> [What you will do]: Find every line in the entries that holds the string "Card" and report it.

> [Extracted data]:
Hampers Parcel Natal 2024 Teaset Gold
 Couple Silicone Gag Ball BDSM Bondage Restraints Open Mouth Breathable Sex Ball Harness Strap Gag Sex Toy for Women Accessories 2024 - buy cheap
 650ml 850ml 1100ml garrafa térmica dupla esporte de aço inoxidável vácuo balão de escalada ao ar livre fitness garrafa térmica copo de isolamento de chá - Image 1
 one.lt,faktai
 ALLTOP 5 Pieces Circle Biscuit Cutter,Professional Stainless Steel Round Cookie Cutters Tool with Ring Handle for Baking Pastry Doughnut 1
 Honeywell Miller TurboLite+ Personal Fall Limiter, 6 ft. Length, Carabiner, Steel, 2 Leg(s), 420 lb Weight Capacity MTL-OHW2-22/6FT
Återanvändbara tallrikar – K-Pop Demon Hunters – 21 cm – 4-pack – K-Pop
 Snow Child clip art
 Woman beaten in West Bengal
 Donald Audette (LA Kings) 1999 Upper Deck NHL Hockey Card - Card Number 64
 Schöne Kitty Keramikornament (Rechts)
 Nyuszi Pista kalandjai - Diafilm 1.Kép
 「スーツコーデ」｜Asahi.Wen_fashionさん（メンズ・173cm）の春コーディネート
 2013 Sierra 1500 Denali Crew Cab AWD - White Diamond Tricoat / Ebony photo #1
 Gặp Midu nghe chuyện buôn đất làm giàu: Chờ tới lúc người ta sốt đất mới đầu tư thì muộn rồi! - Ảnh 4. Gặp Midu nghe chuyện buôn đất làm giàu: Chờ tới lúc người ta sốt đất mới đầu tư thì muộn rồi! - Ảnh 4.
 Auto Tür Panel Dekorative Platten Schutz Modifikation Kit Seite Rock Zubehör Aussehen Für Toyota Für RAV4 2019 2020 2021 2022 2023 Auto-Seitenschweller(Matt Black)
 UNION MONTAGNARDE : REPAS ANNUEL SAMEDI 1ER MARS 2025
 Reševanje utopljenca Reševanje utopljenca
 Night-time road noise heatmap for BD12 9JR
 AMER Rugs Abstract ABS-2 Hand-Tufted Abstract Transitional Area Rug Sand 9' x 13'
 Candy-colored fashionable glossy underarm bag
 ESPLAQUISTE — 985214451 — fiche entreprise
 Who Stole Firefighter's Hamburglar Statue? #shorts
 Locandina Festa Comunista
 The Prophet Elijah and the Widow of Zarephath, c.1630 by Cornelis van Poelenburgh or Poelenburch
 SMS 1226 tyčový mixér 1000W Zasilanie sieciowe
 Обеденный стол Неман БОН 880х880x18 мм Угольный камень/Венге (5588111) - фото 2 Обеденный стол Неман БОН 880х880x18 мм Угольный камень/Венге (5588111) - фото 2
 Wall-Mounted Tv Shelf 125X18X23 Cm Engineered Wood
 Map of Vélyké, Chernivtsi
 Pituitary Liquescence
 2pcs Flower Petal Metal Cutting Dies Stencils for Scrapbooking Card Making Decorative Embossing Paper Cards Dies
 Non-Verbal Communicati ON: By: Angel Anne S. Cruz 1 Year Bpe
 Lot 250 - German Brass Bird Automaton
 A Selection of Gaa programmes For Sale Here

> [Answer to the exercise]:
 Donald Audette (LA Kings) 1999 Upper Deck NHL Hockey Card - Card Number 64
 2pcs Flower Petal Metal Cutting Dies Stencils for Scrapbooking Card Making Decorative Embossing Paper Cards Dies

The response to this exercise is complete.